[Items listed in a dataset]
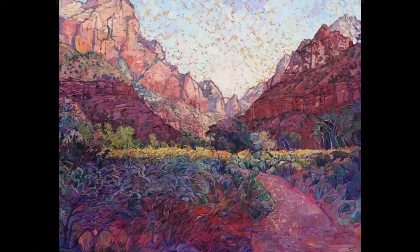This painting is called Zion Trail, and it's a painting of Zion National Park in southern Utah. This piece depicts the landscape you see just before you go into the deeper canyons of Zion, and I saw this landscape hiking around in the early dawn.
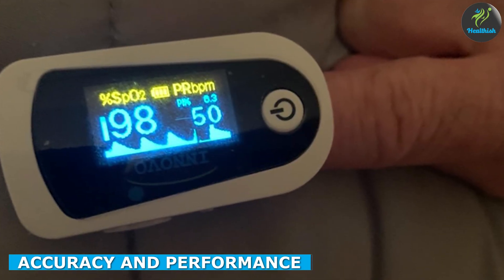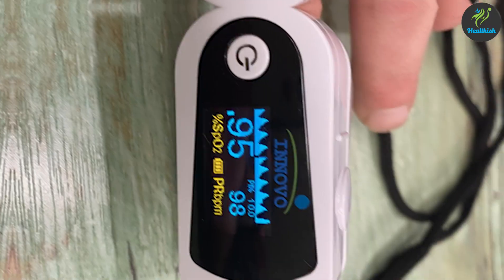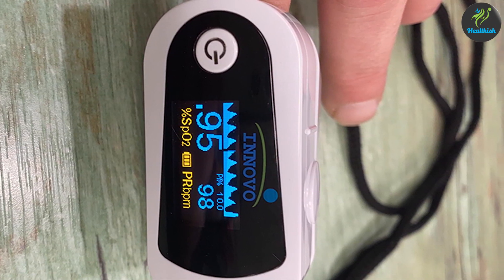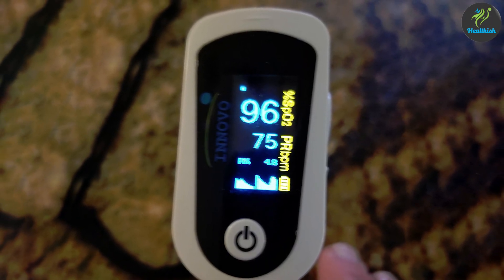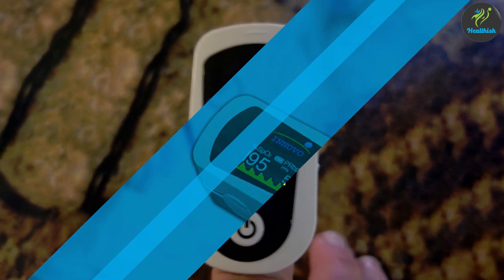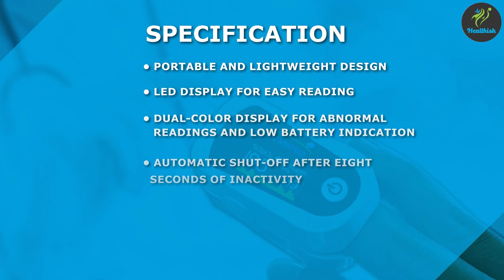Accuracy is of utmost importance when it comes to pulse oximeters. The Innovo IP900BP is known for its reliability and precise measurements. It employs a high-quality sensor that rapidly detects your SPO2 levels and pulse rate. However, it's important to note that readings can be affected by factors such as cold fingers, nail polish, or excessive movements. For the most accurate results, ensure your finger is clean, warm, and properly positioned within the device.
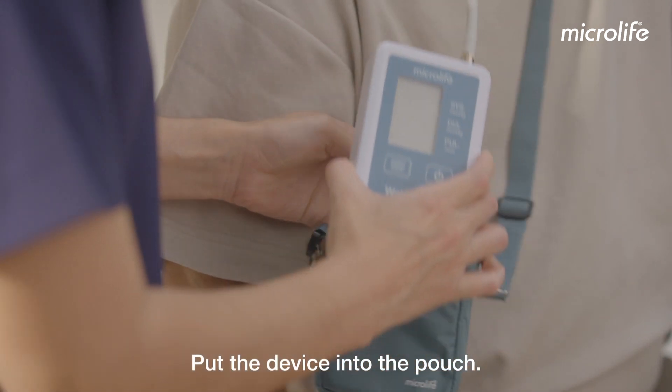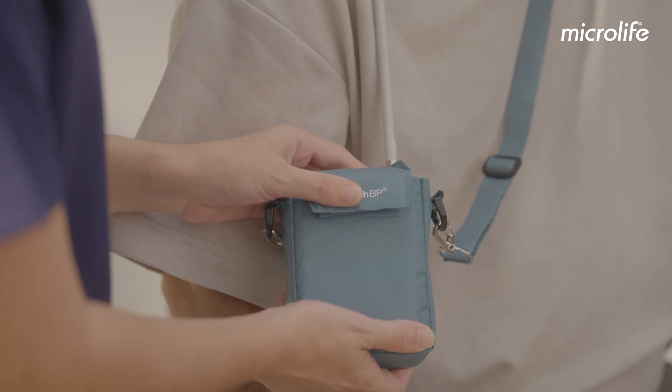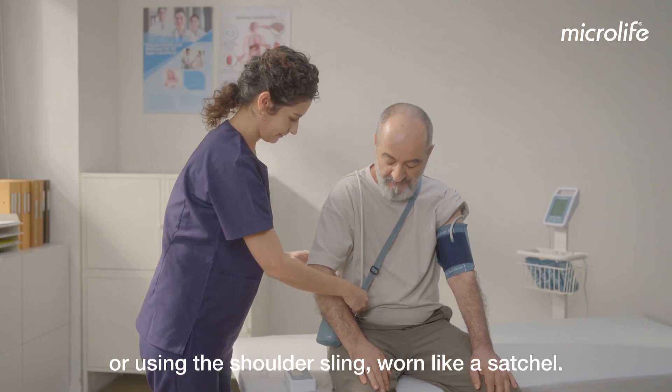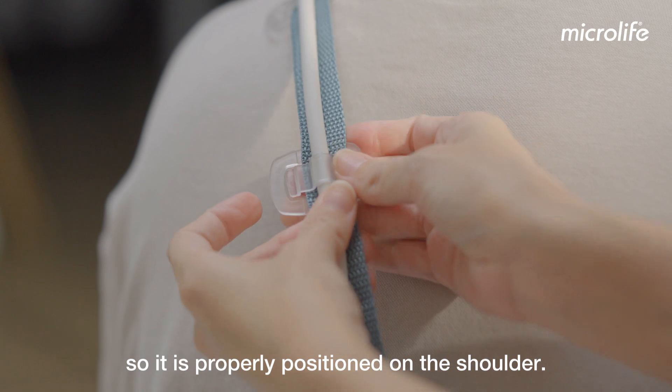Put the device into the pouch. This can then be attached to a belt or, using the shoulder sling, worn like a satchel. Adjust the tube holder on the sling of the pouch so it is properly positioned on the shoulder.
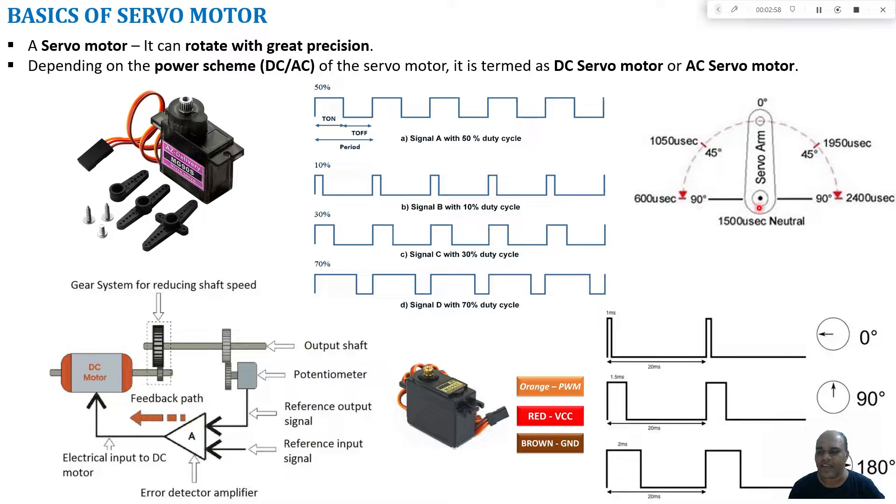The frequency of the PWM signal for the servo motor can be adjusted such that the on-time gets varied, thereby changing the shaft position. Different square waves with different duty cycles are used: for 50% duty cycle the on-time is 50% of the total period; for 10% duty cycle the on-time is 10% of the period. Similarly for 30% and 70% duty cycles — by varying the on-times we can change the shaft position.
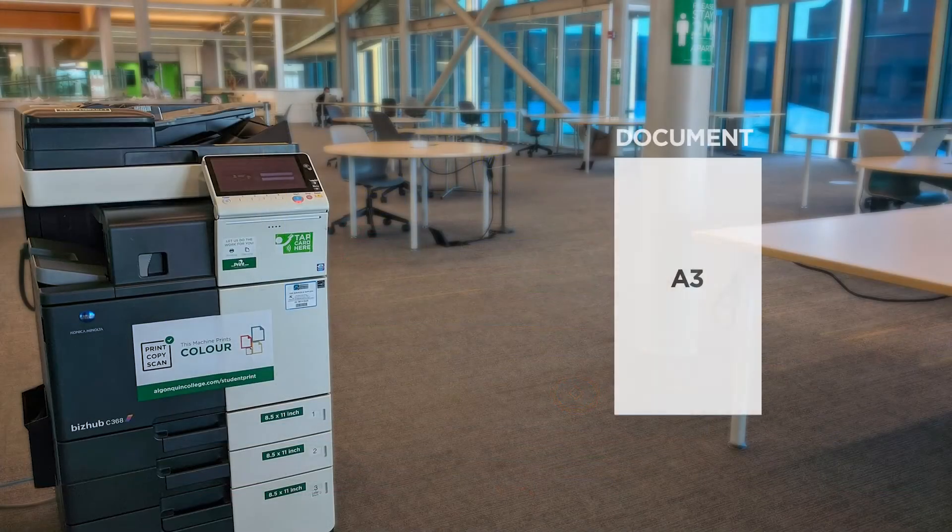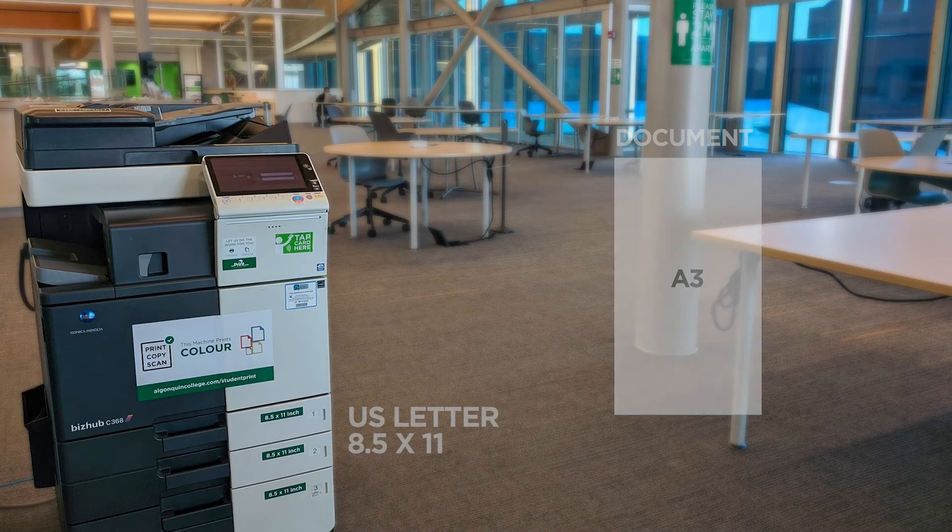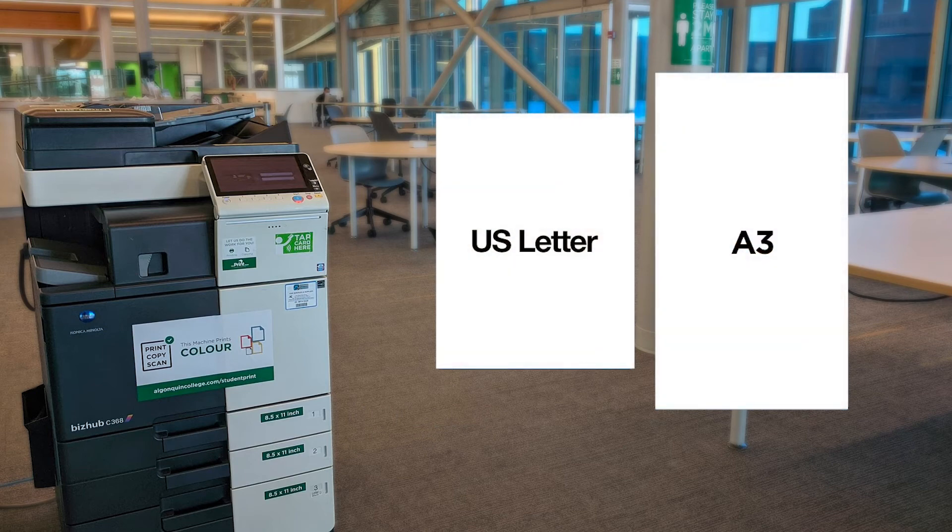This error occurs when your document page size does not match the paper loaded in this particular FIME printer. For example, if your document size is set to A3 instead of US letter size.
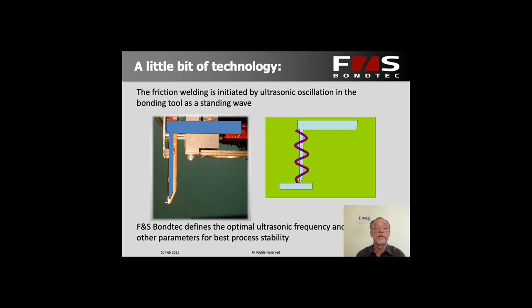A bit more about the technology involved: we have a friction welding tool that, seen from the side, has a schematic layout. We have an ultrasonic element that generates an oscillation moving back and forth — what we call a transducer — and that translates into movement at the tip of the tool. It's more like a standing wave that's excited in the tool, which means the length of the tool and the frequency it's excited at are very critical to getting good results at the bond point. At FNS Bondtech we have taken care of that to make sure the right ultrasonic frequency is used.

** Instructions for the task **
Exactly the lines from the line containing "This error occurs" to the end of the records need to be copied, both ends included, with pictures left out.

** Expected output **
This error occurs when your document page size does not match the paper loaded in this particular FIME printer. For example, if your document size is set to A3 instead of US letter size.
A bit more about the technology involved: we have a friction welding tool that, seen from the side, has a schematic layout. We have an ultrasonic element that generates an oscillation moving back and forth — what we call a transducer — and that translates into movement at the tip of the tool. It's more like a standing wave that's excited in the tool, which means the length of the tool and the frequency it's excited at are very critical to getting good results at the bond point. At FNS Bondtech we have taken care of that to make sure the right ultrasonic frequency is used.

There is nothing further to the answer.